Heretofore, in a fabric processing operation as described above, the overall rate of production has been limited by the ability effectively to impart steam into the fabric, to achieve the necessary fiber lubrication, relaxation and overall fabric stabilization. In this connection, merely increasing the rate of application of steam to the fabric, as by increasing steam pressure or the like, has not proven to be an effective way of increasing the overall fabric production. Thus, with conventional procedures, when an effort is made simply to increase the rate of steam application, the operator is faced with serious problems of water condensation on the fabric and on the machinery. When this occurs, the fabric becomes stained by water spots, resulting in a serious loss of quality, which may more than offset any increase in production rate. This problem has existed notwithstanding the utilization of so-called dripless steam discharge boxes, because the volumes of steam are such as to give rise to unwanted condensation problems after the steam has been issued from the steam boxes.
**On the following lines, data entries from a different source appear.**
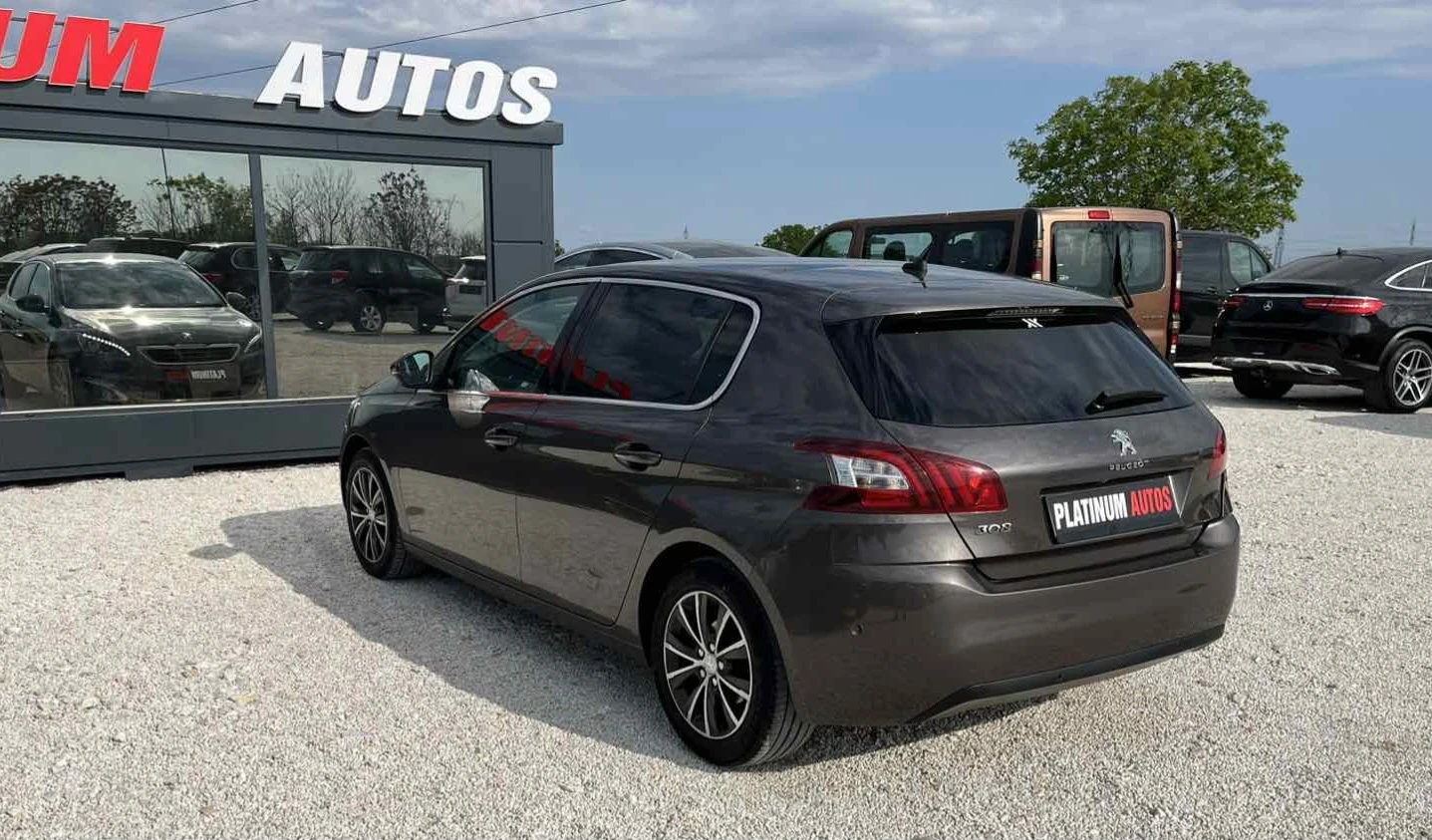 Peugeot 308 1.6I/PANORAMA/6 СК/145Х.КМ/КАМЕРА - изображение 8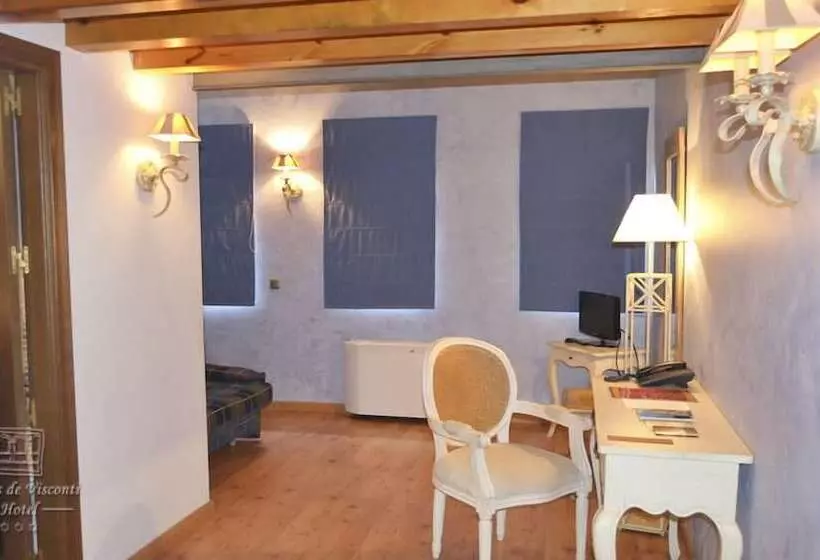 Fotos del hotel Condes De Visconti:  14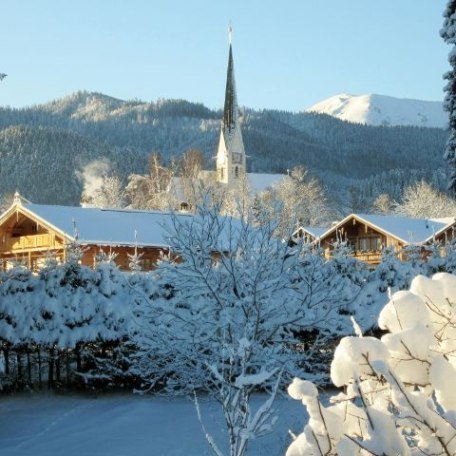 Ausblick von der Ferienwohnung Kirschbaum, &copy; G&auml;stehaus Gartenheim am Tegernsee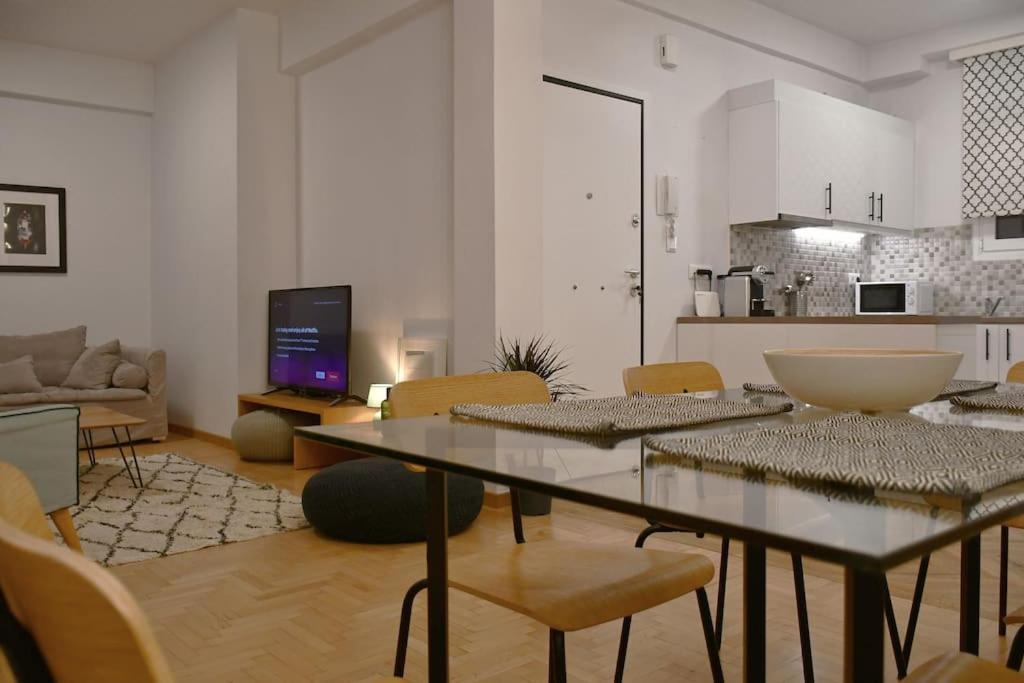 Apartamento Flat Near Acropolis Hill Atenas Exterior foto
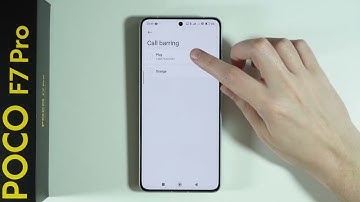 POCO F7 Pro: How to Enable Call Barring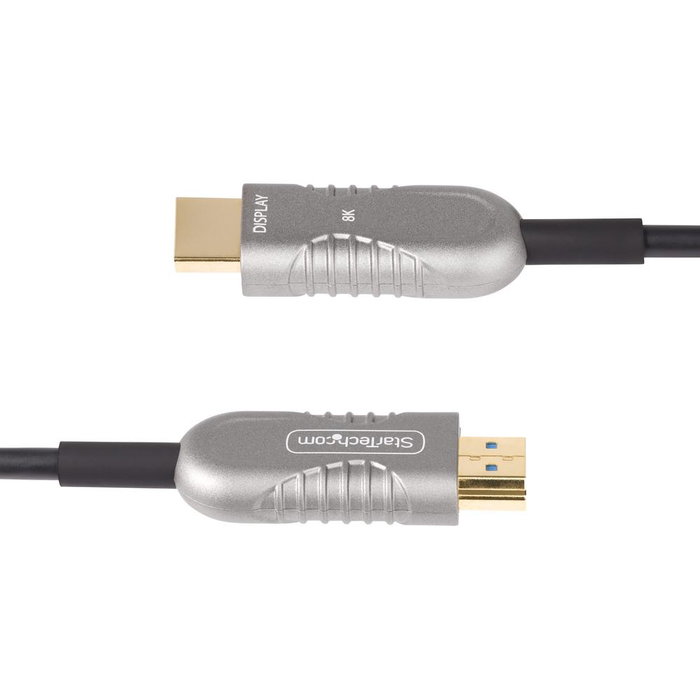 Startech Câble HDMI 2.1 15,2 m 8K 60Hz AOC Plenum 48 Gbps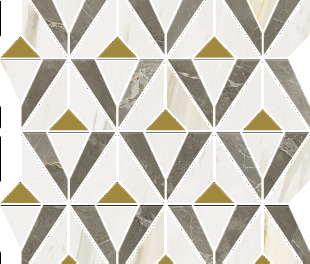 Мозаика Italon Стелларис 33х33 серый (600110000976)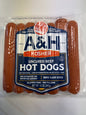 A and H uncured beef hotdogs gluten free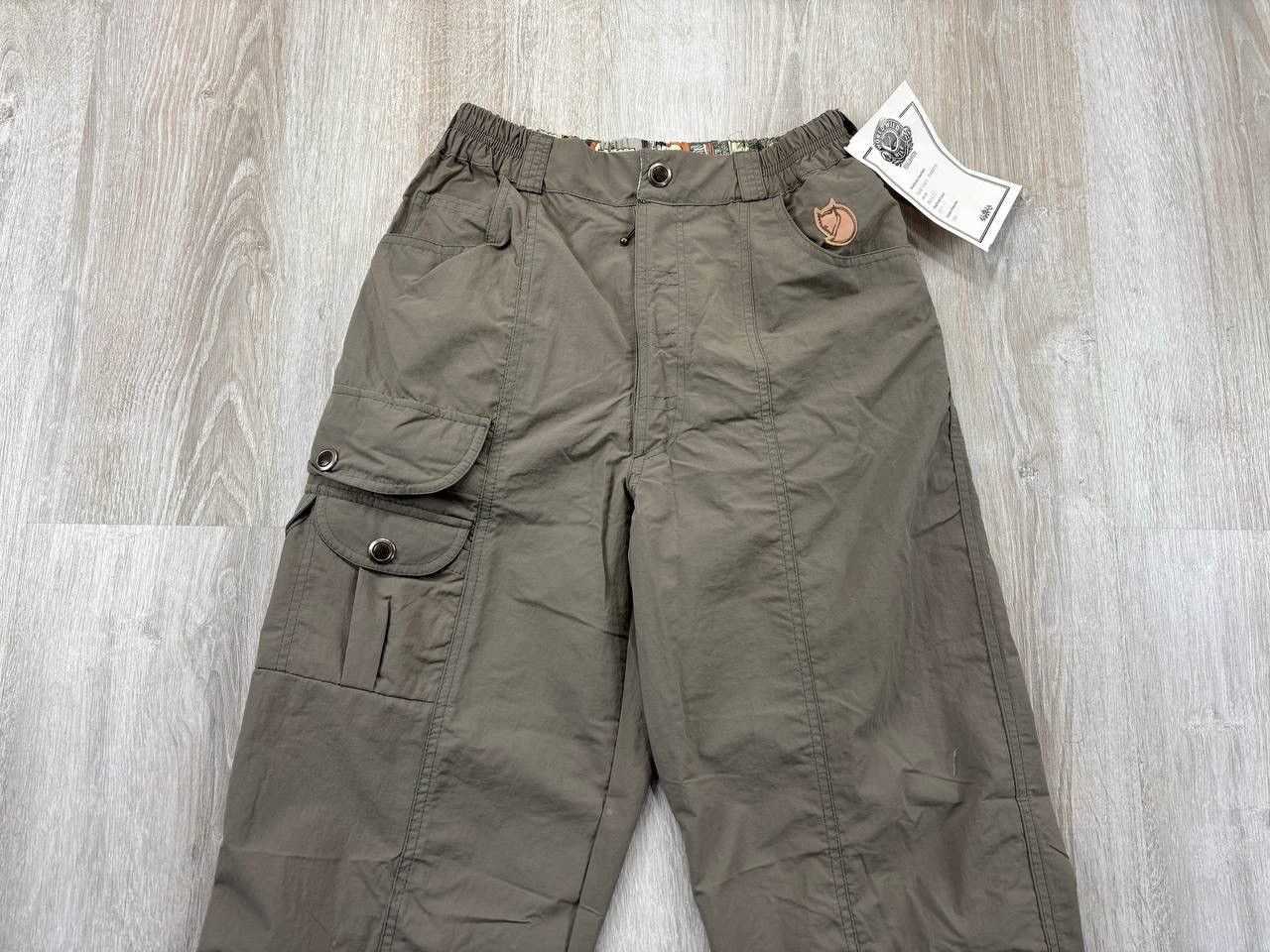 Fjallraven × Vintage Womens pants Fjallraven Size 38 Size 27" / US 4 / IT 40 - 3 Thumbnail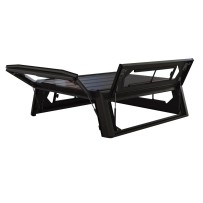 Hardtop Alu-Cab noir lisse Toyota Tacoma Gen 3, robuste et étanche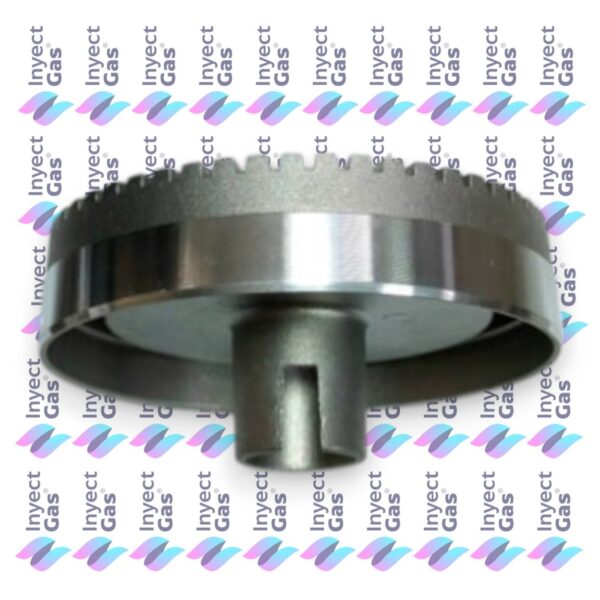 G 1109 QUEMADORES DE FUNDICION DE ALUMINIO BASE INDUSTRIAL VERTICAL GRANDE  CAÑO CORTO 3,5 cm - DIAMETRO 11,5 cm
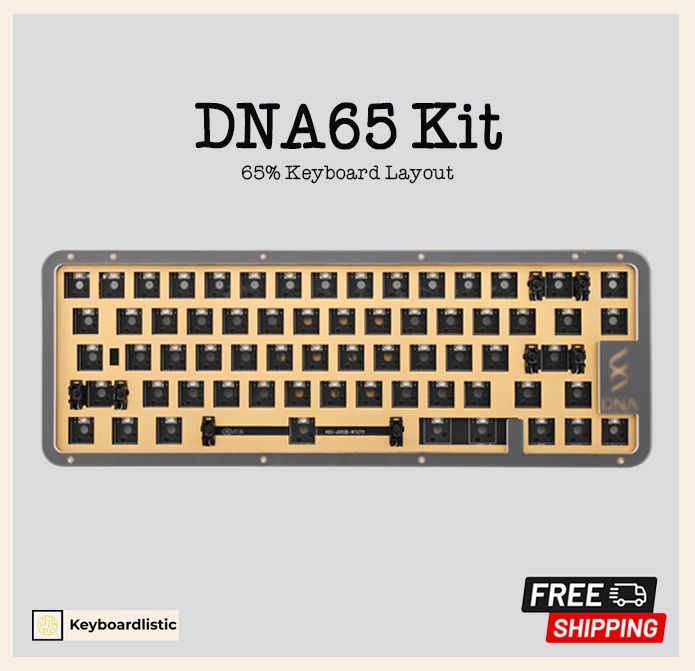 Detail Dna 65 Keyboard Kit Nomer 7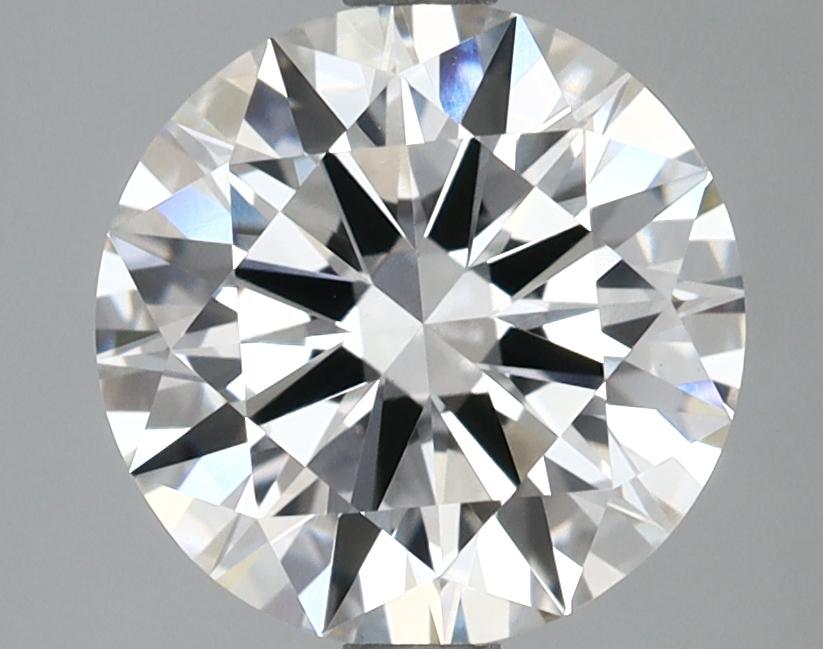 2.52 Carat Round Shaped Ideal Cut VVS2 IGI Certified Lab Grown Diamond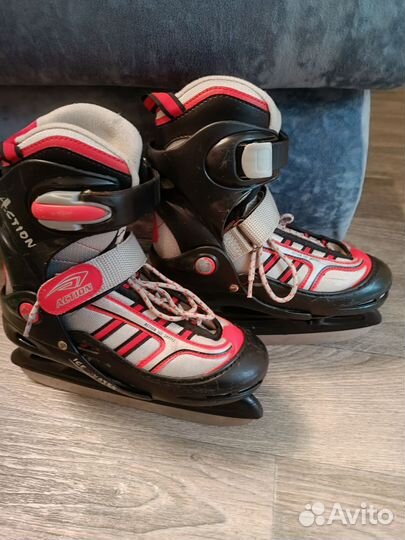 Коньки детские раздвижные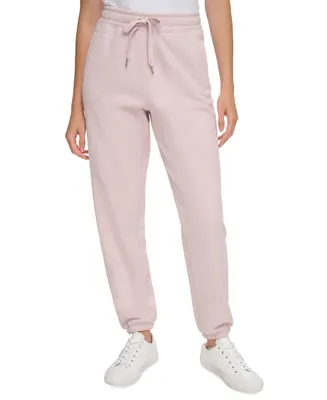 Calvin Klein Women's Drawstring-Waist Sweatpants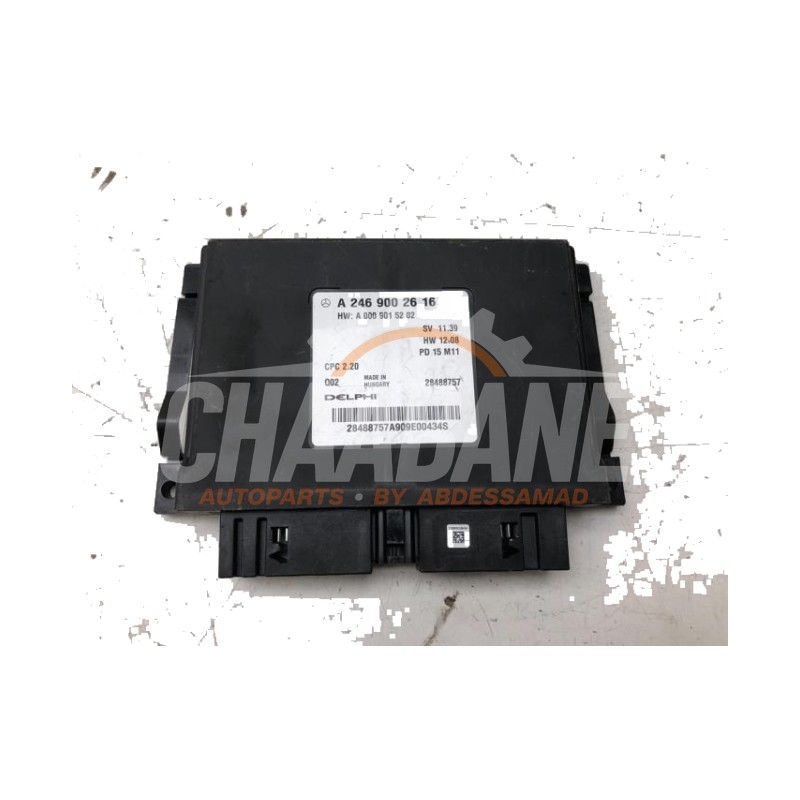 Ordinateur aide au stationnement 2469002616 Mercedes CLA (117.3) 1.5 CLA-180 CDI, 180 d 16V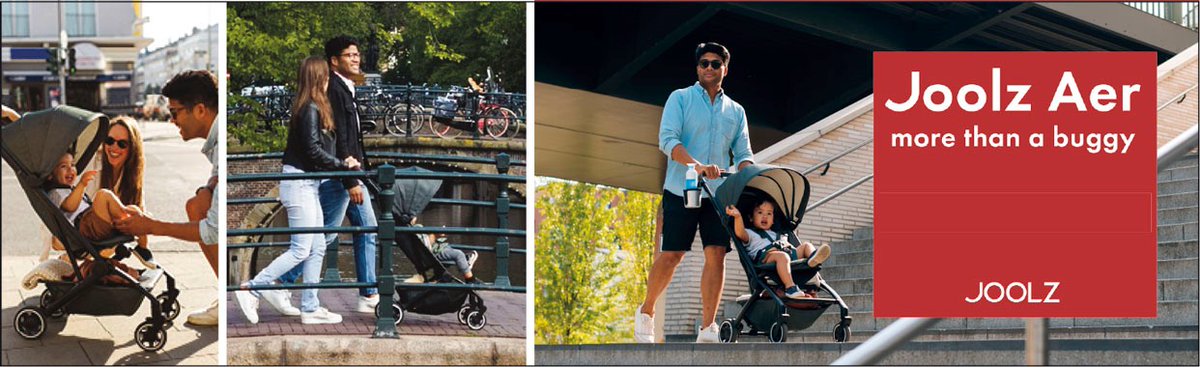 Joolz Aer buggy exclusief bij BabyPlanet.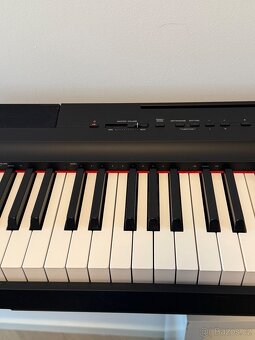 YAMAHA Digital Piano P-125 - 3
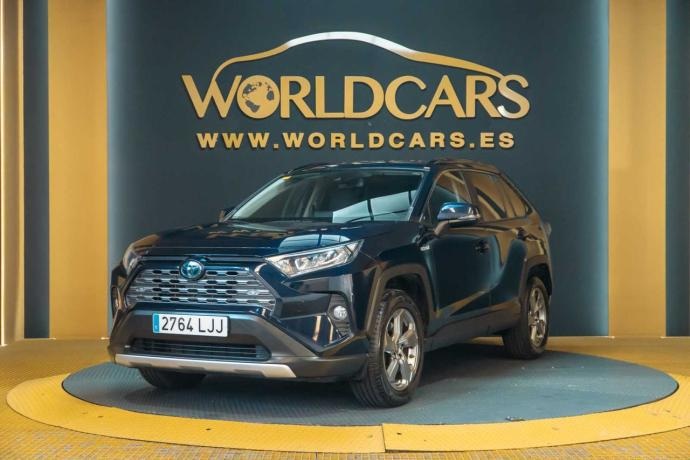 TOYOTA RAV-4 todoterreno 2.5l 220h advance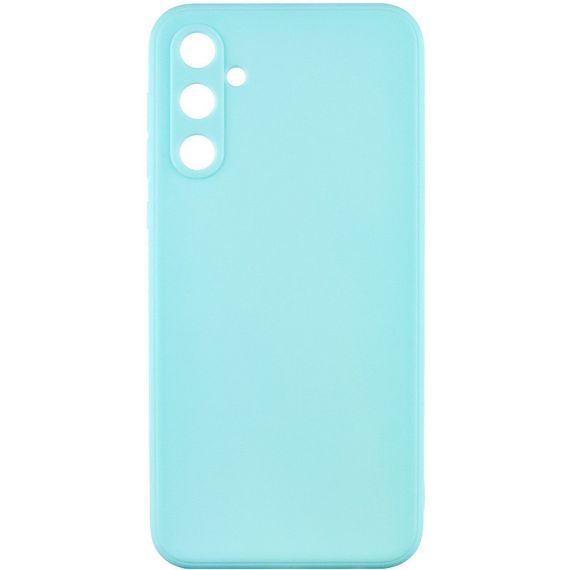 Силиконовый чехол Candy Full Camera для Samsung Galaxy A55 Зеленый / Menthol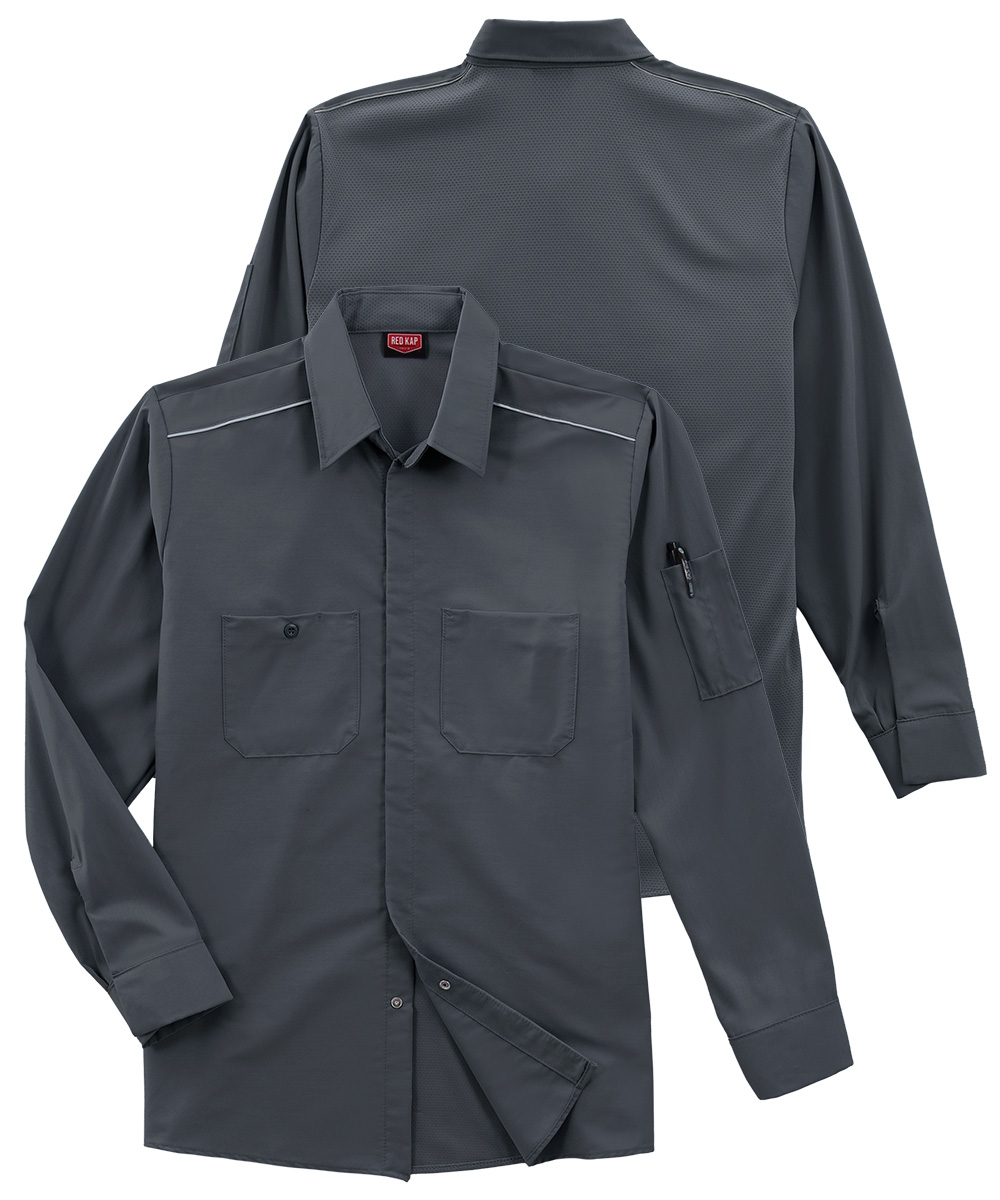 Pro Airflow Long Sleeve Work Shirts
In accordance with the invention, a pair of steam boxes of known design are mounted in opposed relation on opposite sides of the plane of the fabric being conveyed by the spreader. The steam boxes have discharge slots facing the fabric, such that high velocity jets of steam are directed in opposed relation toward the plane of the passing fabric, in a generally well known manner. Significantly higher production capabilities are imparted to this otherwise conventional configuration by closely (1) embracing and confining the steam in a substantially enclosed steam chamber through which the fabric passes while engaged by the fabric spreader, and (2) causing the confined steam to be exhausted downwardly from the enclosed chamber.
The specific proportions of the enclosing steam chamber are not known to be critical. However, it is consistent with the invention that there be a relative minimum of chamber volume above and below the steamers, with most of the open chamber volume being located immediately upstream and immediately downstream of the steam boxes. Further, the dimension of the steam chamber in the direction of fabric movement is significantly less than the length of the fabric spreader, permitting the spreader to extend entirely through the otherwise enclosed steam chamber.
To accommodate the passing through the steam chamber of the fabric spreader, which may be adjusted to various widths to suit the requirements of the fabric being processed, the steamer apparatus of the invention includes sealing elements at the entry and exit openings of the steam chamber. In one embodiment of the invention, the sealing means are in the form of flexible brush-like elements arranged to conform about the spreading device and fabric without applying any significant amount of pressure thereto, to assist in the confinement of the steam in the enclosed chamber while at the same time avoiding any pressure marking of fabric.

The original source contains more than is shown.